Saved entries
• • • • •
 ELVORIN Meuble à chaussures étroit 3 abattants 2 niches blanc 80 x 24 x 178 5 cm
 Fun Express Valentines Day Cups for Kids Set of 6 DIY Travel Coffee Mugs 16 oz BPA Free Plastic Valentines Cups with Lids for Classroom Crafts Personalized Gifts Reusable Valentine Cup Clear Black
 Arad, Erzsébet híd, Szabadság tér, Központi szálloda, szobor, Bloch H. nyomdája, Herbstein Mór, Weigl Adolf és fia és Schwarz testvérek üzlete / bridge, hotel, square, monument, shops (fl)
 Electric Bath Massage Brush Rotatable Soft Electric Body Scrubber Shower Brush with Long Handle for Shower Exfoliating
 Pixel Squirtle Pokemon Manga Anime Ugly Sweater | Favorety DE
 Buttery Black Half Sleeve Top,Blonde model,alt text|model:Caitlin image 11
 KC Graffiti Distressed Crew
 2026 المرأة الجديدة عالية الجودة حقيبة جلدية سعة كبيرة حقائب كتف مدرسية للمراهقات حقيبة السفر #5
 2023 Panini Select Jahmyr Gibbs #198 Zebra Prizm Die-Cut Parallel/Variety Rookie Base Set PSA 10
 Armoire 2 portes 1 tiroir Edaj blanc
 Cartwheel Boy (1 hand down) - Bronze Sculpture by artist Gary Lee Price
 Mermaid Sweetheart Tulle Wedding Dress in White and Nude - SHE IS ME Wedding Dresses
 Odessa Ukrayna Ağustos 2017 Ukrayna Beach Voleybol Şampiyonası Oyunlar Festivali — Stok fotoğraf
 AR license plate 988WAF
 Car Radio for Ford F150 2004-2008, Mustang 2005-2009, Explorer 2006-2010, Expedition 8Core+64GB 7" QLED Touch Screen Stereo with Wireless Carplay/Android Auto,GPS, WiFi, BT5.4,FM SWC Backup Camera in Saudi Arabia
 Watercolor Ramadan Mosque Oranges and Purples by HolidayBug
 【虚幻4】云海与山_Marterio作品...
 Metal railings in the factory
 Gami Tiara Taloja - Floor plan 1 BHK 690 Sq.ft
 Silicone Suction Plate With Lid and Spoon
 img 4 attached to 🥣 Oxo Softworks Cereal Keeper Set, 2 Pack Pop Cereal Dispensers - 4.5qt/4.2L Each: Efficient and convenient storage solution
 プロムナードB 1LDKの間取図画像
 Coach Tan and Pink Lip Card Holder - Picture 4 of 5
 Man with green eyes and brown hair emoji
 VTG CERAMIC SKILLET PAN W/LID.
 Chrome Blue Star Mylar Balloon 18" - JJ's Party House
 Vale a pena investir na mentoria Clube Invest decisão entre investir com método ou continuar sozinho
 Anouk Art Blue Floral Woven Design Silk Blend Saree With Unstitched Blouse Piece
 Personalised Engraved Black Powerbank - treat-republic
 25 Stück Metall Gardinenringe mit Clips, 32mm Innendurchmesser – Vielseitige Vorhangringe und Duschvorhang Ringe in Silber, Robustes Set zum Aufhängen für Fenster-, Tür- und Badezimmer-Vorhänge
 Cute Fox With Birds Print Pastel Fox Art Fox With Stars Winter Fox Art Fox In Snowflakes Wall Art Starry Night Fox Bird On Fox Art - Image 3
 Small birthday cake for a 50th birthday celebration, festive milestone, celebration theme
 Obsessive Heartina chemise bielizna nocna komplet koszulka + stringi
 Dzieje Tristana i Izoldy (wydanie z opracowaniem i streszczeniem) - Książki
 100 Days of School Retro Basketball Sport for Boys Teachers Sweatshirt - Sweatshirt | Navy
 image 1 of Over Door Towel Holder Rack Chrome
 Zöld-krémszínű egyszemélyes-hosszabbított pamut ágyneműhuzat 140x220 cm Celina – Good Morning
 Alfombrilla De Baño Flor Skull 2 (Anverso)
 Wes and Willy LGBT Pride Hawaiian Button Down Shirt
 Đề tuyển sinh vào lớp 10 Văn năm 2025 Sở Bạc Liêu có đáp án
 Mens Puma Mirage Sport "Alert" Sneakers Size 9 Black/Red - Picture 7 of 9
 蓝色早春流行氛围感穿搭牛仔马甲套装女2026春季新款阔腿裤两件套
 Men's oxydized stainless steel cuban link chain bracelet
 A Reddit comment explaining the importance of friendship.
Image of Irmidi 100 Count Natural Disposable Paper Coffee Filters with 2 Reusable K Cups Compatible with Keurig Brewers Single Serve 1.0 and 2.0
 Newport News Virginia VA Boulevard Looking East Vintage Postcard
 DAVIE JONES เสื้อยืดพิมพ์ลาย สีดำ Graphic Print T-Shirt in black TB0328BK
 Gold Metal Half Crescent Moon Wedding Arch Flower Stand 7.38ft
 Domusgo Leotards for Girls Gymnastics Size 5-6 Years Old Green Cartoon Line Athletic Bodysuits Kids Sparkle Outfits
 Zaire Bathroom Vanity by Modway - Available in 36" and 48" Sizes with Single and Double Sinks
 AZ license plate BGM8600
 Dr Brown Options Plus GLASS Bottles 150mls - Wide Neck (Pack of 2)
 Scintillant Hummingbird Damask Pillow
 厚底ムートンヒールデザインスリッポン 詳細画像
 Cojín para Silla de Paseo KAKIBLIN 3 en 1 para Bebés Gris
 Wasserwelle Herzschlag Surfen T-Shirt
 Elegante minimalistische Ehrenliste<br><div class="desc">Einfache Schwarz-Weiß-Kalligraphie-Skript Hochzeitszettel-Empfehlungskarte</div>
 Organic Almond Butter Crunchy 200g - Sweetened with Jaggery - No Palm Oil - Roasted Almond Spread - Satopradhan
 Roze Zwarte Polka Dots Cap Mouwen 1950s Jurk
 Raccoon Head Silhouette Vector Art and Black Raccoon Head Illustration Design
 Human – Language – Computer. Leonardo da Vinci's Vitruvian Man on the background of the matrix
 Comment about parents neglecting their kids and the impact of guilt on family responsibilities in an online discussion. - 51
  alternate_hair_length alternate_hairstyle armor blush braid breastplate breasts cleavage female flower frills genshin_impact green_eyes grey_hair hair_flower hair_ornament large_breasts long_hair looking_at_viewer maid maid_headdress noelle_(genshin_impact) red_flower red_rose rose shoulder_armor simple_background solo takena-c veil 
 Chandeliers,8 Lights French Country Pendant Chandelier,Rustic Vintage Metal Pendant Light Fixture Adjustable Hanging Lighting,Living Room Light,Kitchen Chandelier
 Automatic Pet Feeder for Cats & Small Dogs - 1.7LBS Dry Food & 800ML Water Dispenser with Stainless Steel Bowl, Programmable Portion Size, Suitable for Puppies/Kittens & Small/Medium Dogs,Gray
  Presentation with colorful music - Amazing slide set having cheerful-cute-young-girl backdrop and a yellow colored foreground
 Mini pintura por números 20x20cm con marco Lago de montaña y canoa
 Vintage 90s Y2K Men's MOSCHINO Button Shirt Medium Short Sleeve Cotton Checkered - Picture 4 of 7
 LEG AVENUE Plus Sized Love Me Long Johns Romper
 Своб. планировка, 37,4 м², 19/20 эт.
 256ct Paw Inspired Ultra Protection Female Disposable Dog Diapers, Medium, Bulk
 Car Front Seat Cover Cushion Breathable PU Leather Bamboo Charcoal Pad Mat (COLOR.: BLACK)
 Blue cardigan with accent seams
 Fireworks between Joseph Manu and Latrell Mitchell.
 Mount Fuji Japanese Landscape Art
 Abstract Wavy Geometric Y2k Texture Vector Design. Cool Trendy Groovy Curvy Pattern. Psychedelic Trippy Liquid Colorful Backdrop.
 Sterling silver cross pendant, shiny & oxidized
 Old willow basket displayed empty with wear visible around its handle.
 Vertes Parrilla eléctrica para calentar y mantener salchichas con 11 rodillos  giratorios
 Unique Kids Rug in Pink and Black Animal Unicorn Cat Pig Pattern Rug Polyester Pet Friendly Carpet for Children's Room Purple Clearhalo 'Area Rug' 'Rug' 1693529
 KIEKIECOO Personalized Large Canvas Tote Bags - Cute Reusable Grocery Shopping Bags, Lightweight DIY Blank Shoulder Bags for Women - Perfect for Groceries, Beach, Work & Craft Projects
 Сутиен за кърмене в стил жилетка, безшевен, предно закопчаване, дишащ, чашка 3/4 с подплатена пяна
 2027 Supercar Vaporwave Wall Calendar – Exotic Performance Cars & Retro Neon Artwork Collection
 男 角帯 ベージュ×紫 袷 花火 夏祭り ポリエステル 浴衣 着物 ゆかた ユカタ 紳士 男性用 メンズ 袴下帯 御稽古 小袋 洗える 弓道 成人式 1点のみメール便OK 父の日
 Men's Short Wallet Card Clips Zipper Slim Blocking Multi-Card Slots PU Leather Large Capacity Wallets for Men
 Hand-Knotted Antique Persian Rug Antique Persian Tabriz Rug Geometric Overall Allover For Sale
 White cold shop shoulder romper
• • • • •
Transcribe, exactly and without additions, the lines of the records above, beginning with the line that contains "Silicone Suction Plate With Lid and Spoon" and ending with the line that contains "A Reddit comment", both included.

Task output =>
 Silicone Suction Plate With Lid and Spoon
 img 4 attached to 🥣 Oxo Softworks Cereal Keeper Set, 2 Pack Pop Cereal Dispensers - 4.5qt/4.2L Each: Efficient and convenient storage solution
 プロムナードB 1LDKの間取図画像
 Coach Tan and Pink Lip Card Holder - Picture 4 of 5
 Man with green eyes and brown hair emoji
 VTG CERAMIC SKILLET PAN W/LID.
 Chrome Blue Star Mylar Balloon 18" - JJ's Party House
 Vale a pena investir na mentoria Clube Invest decisão entre investir com método ou continuar sozinho
 Anouk Art Blue Floral Woven Design Silk Blend Saree With Unstitched Blouse Piece
 Personalised Engraved Black Powerbank - treat-republic
 25 Stück Metall Gardinenringe mit Clips, 32mm Innendurchmesser – Vielseitige Vorhangringe und Duschvorhang Ringe in Silber, Robustes Set zum Aufhängen für Fenster-, Tür- und Badezimmer-Vorhänge
 Cute Fox With Birds Print Pastel Fox Art Fox With Stars Winter Fox Art Fox In Snowflakes Wall Art Starry Night Fox Bird On Fox Art - Image 3
 Small birthday cake for a 50th birthday celebration, festive milestone, celebration theme
 Obsessive Heartina chemise bielizna nocna komplet koszulka + stringi
 Dzieje Tristana i Izoldy (wydanie z opracowaniem i streszczeniem) - Książki
 100 Days of School Retro Basketball Sport for Boys Teachers Sweatshirt - Sweatshirt | Navy
 image 1 of Over Door Towel Holder Rack Chrome
 Zöld-krémszínű egyszemélyes-hosszabbított pamut ágyneműhuzat 140x220 cm Celina – Good Morning
 Alfombrilla De Baño Flor Skull 2 (Anverso)
 Wes and Willy LGBT Pride Hawaiian Button Down Shirt
 Đề tuyển sinh vào lớp 10 Văn năm 2025 Sở Bạc Liêu có đáp án
 Mens Puma Mirage Sport "Alert" Sneakers Size 9 Black/Red - Picture 7 of 9
 蓝色早春流行氛围感穿搭牛仔马甲套装女2026春季新款阔腿裤两件套
 Men's oxydized stainless steel cuban link chain bracelet
 A Reddit comment explaining the importance of friendship.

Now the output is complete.